Modern ceiling fans are well designed and will provide years of reliable service with minimal maintenance. When one does fail to function properly, the problems can usually be traced to an accumulation of dirt in the motor's bearings or to a defective motor capacitor. With modern fans, the capacitor plays an integral role in controlling the motor speed. Replacing a defective capacitor is an easy repair that almost anyone can complete with relative ease.
1.Turn off the circuit breaker on the service panel supplying power to the ceiling fan. Ensure you have turned off the correct breaker by bringing the noncontact voltage tester near the fan's switch cover. Erect the stepladder beneath the ceiling fan.
2.Disassemble the light kit on the ceiling fan. Remove the light bulbs and lampshades. Remove the screws that secure the light fixture to the fan's housing. There are usually three screws on the side of the housing. Unscrew the plastic wire nuts to disconnect the fixture wires.

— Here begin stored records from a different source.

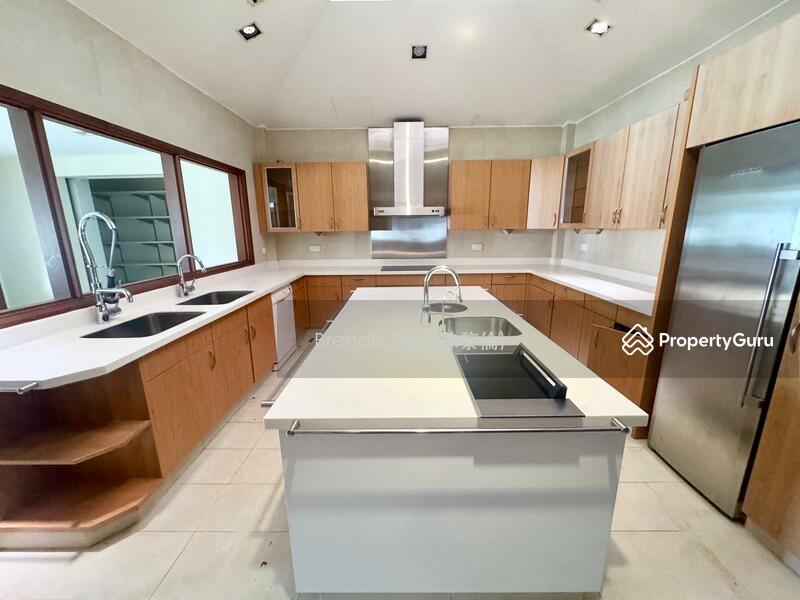 Good Class Bungalow for Rent in the Holland/Belmont vicinity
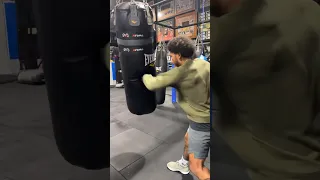 Paulo Aokuso POWER on Heavy Bag; Slick Punches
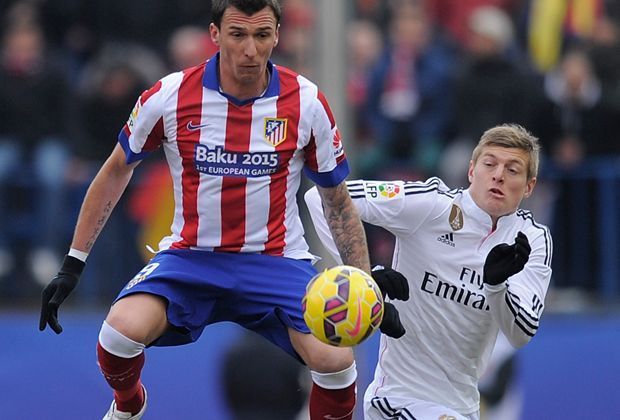 
                <strong>Atletico Madrid vs Real Madrid</strong><br>
                Derby-Time in Madrid: Im Champions-League-Viertelfinale zwischen Real und Ateltico treffen die Ex-Bayern Mario Mandzukic (li.) und Toni Kroos aufeinander. Nicht nur Spaniens Hauptstadt ist gespalten, auch die Prominenz. Welcher Star drückt wem die Daumen?
              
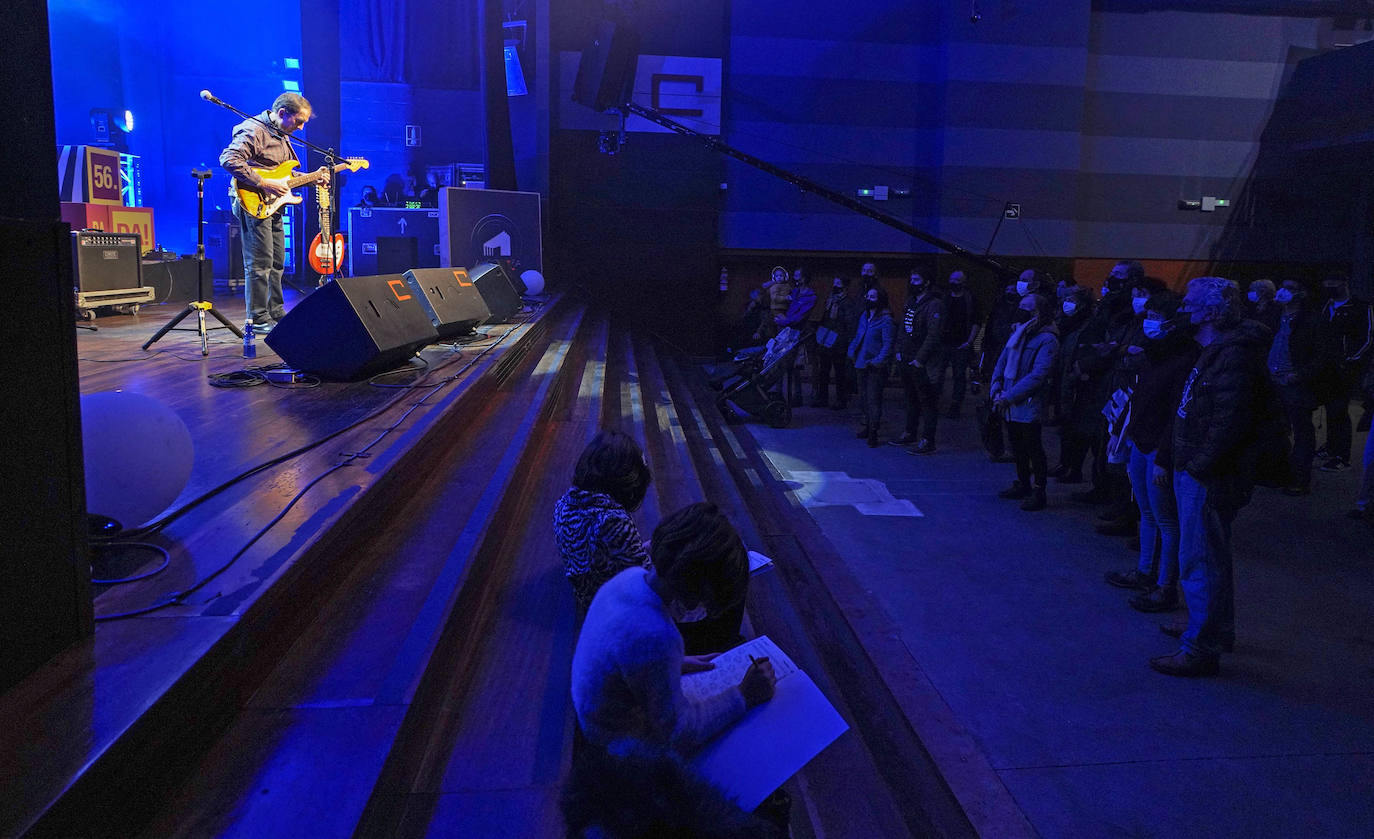 Fotos: Oskorriren kantak «maitasun handiz, baina errespetu gutxiz»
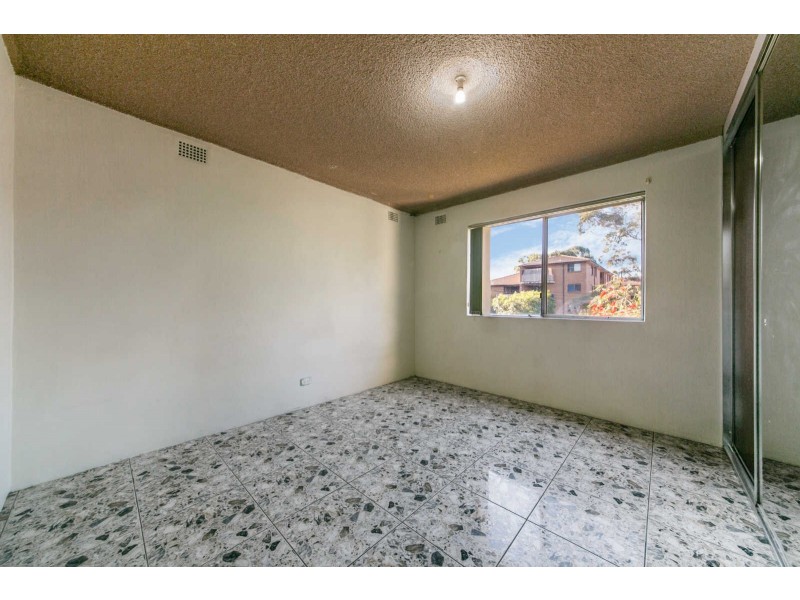 8/137 Military Road, Guildford NSW 2161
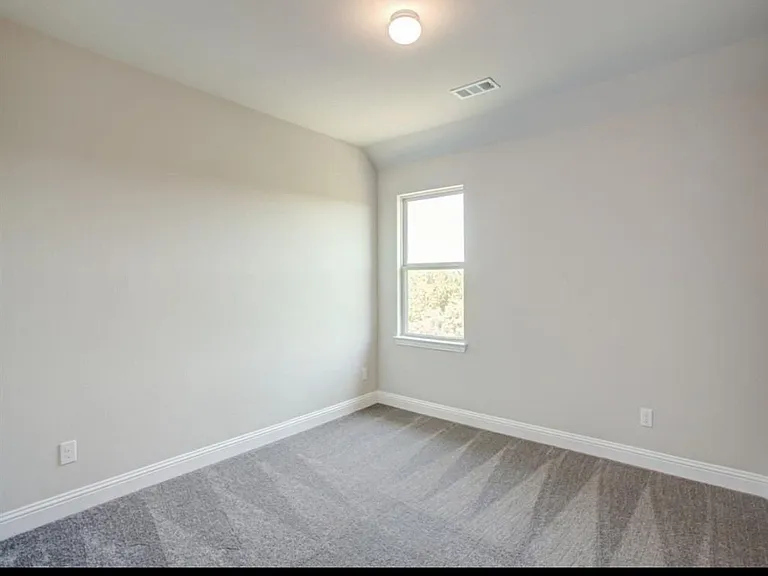 513 Hutchinson Ln — Photo 8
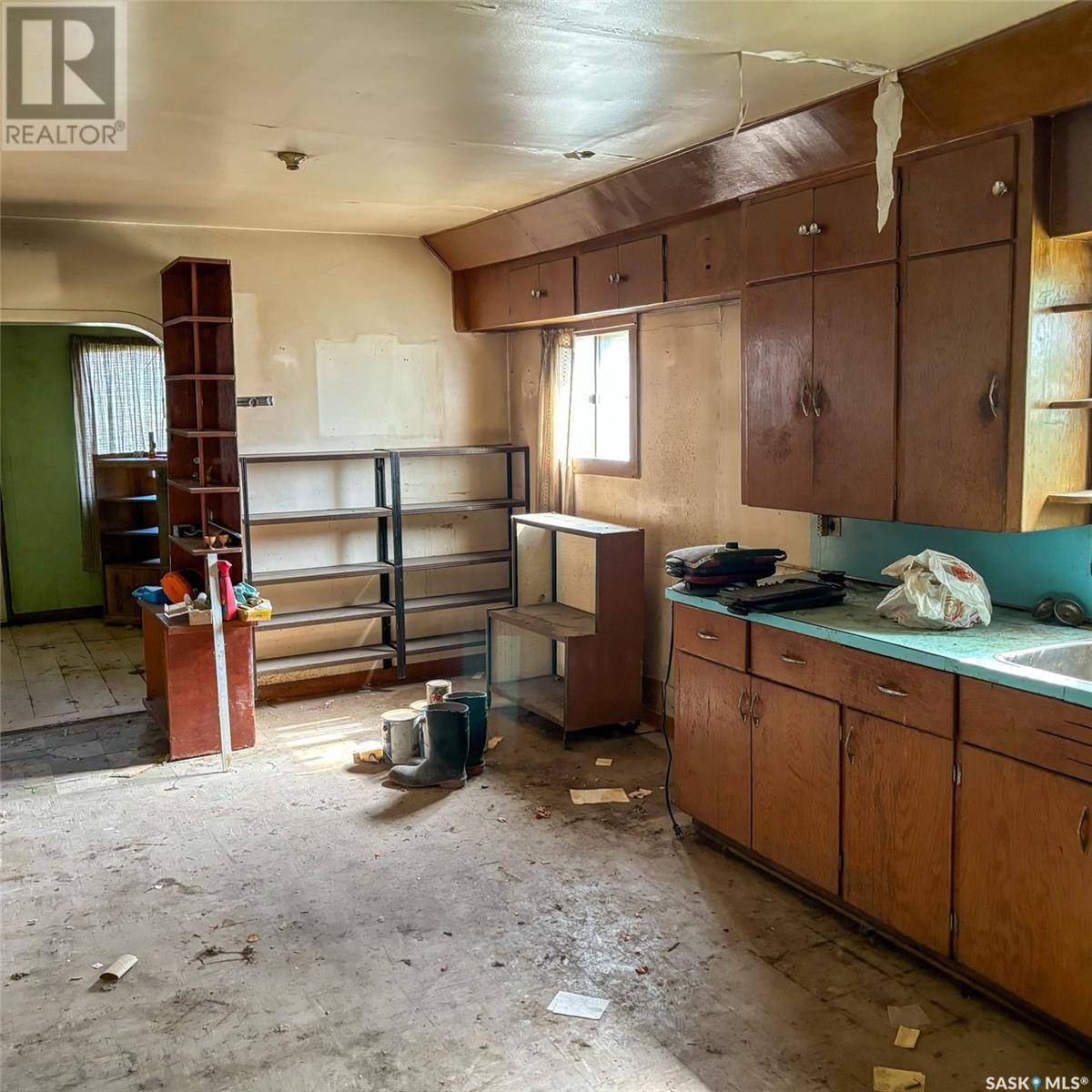 Simpson, SK S0G4M0,313 Saskatchewan AVENUE S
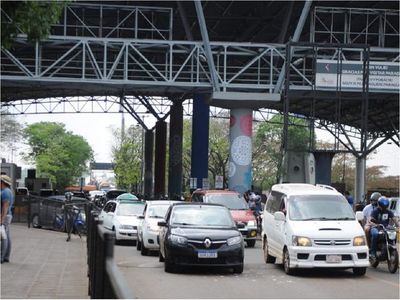 CDE se reactiva en un 40% a cinco meses de la reapertura del puente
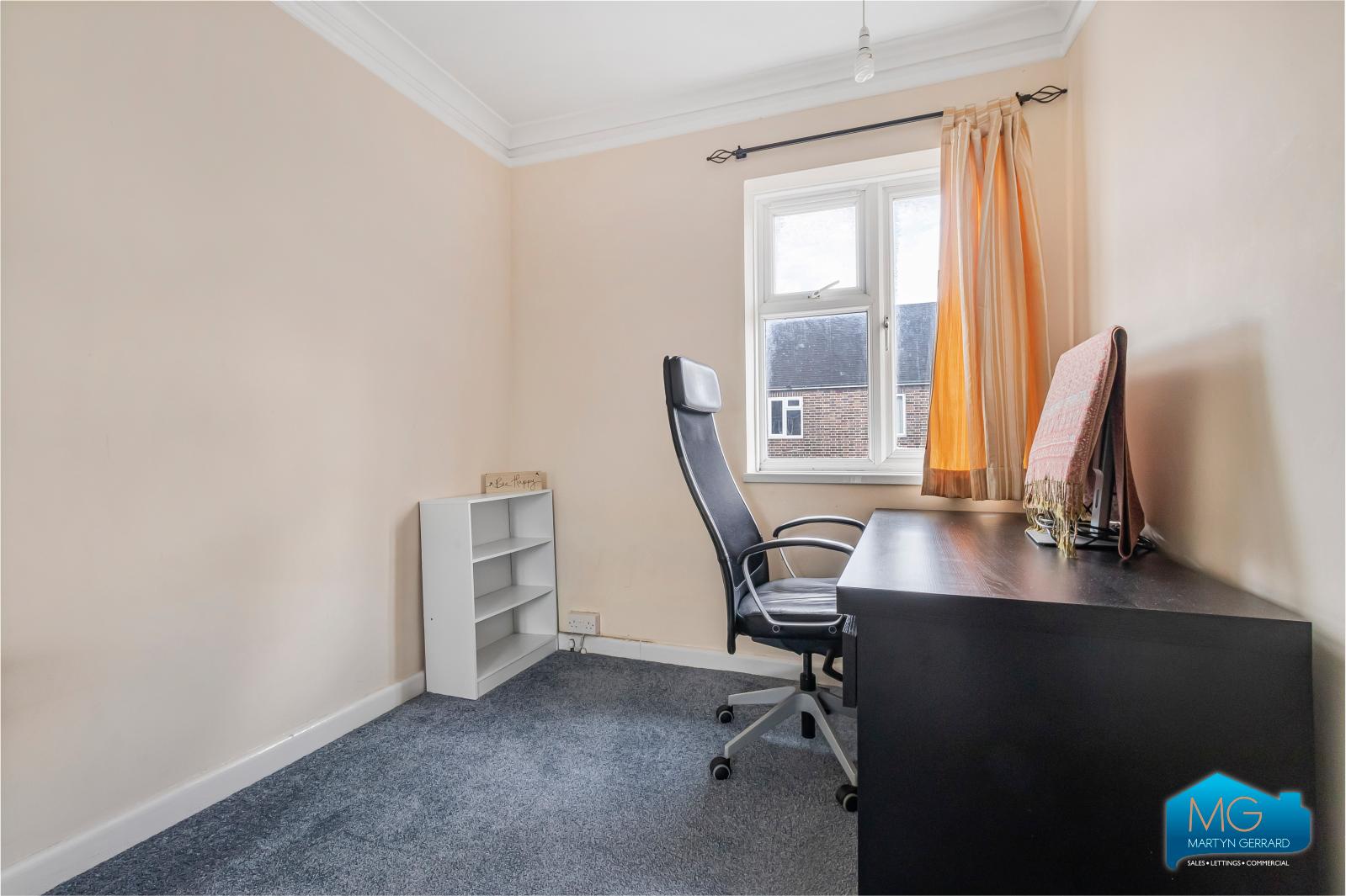 2 bedroom Apartment to rent - Martyn Gerrard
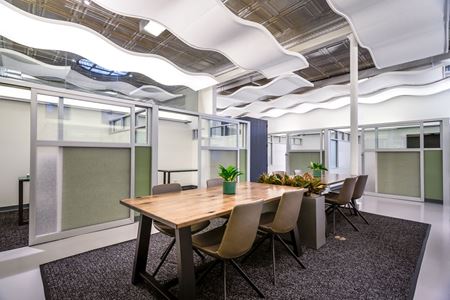 Preview this CrossFunction - Flexible Workspace Coworking space for Rent in Oak Park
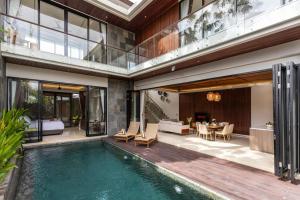 ein Hallenbad in einem Haus mit einem Schlafzimmer in der Unterkunft BRAND NEW Modern Gem Luxury 3bd Villa in Umalas in Kerobokan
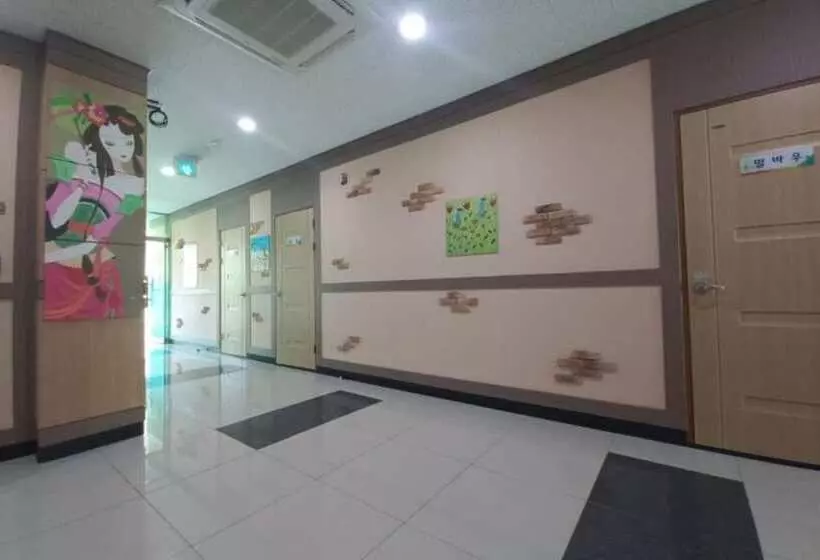 Danyang Three Nests Stay Pension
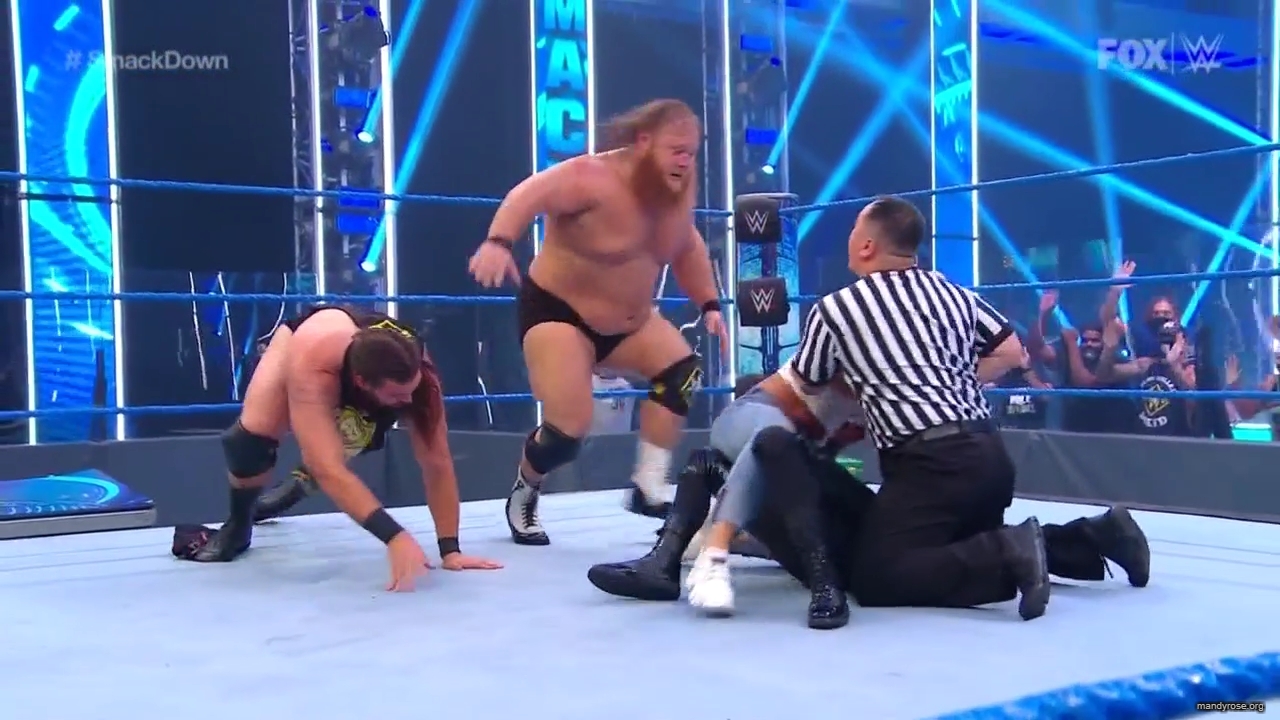 WWE_Friday_Night_SmackDown_2020_08_07_720p_HDTV_x264-NWCHD_mp40071.jpg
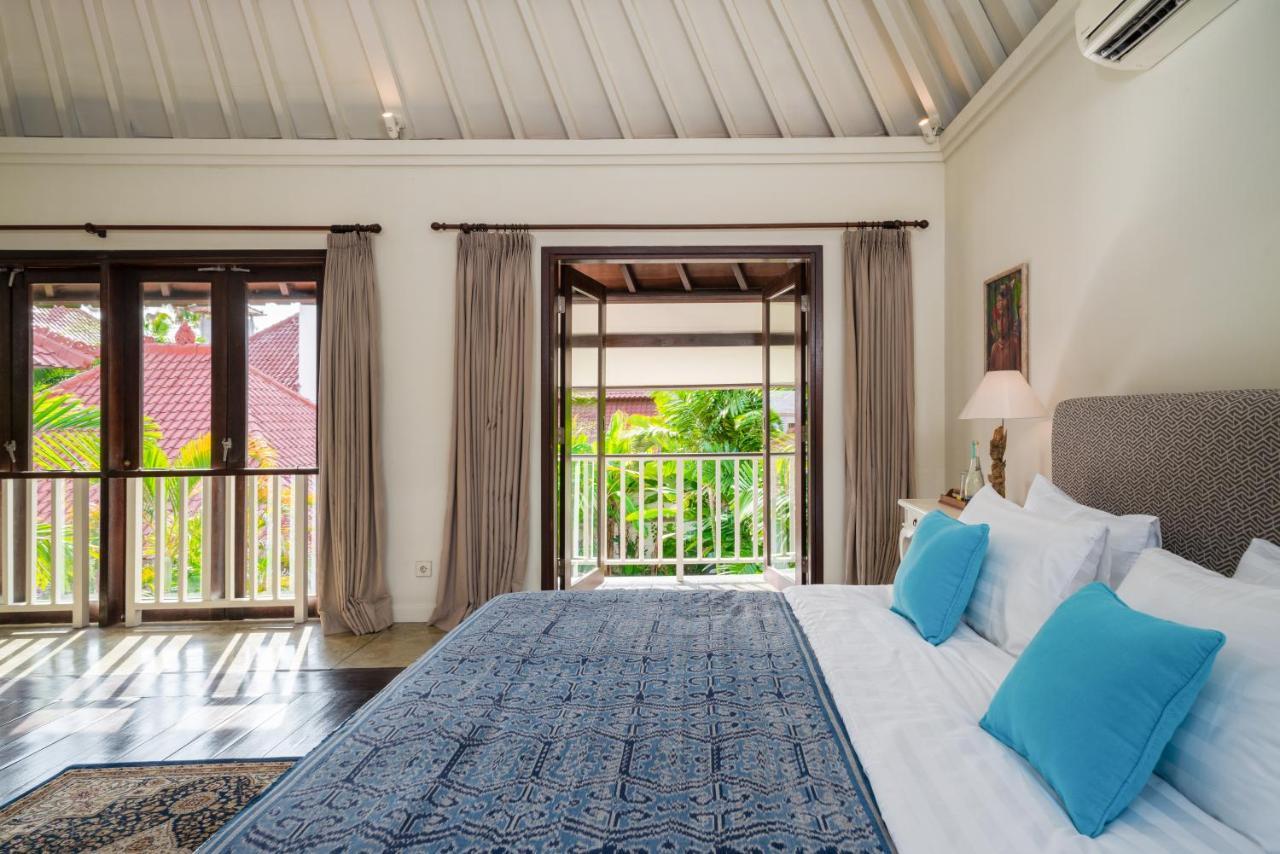 Luxury 3 Bed Villa With Pool In Great Location With Beachfront Spa Access Sanur  Exterior photo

3.Find the motor capacitor. The motor capacitor is a black box with two to five wires coming out of it, depending on the make and model of the fan. The capacitor connects to the fan switch. The capacitor leads are color coded but the motor leads may not be. Tag the motor leads with colored tape before disconnecting the old capacitor, if necessary. Remove the old capacitor by unscrewing the wire nuts connecting its leads to the motor and switch leads. Take the old capacitor to a home center or appliance parts store to get an exact replacement.
4.Install the new motor capacitor by holding the stripped ends of the capacitor leads next to the appropriate motor lead. Screwing on the wire nuts. Secure the capacitor in the wiring compartment and reconnect the light fixture leads. Reinstall the light kit on the fan and reassemble the lampshades. Install the light bulbs and turn the circuit breaker to the "On" position.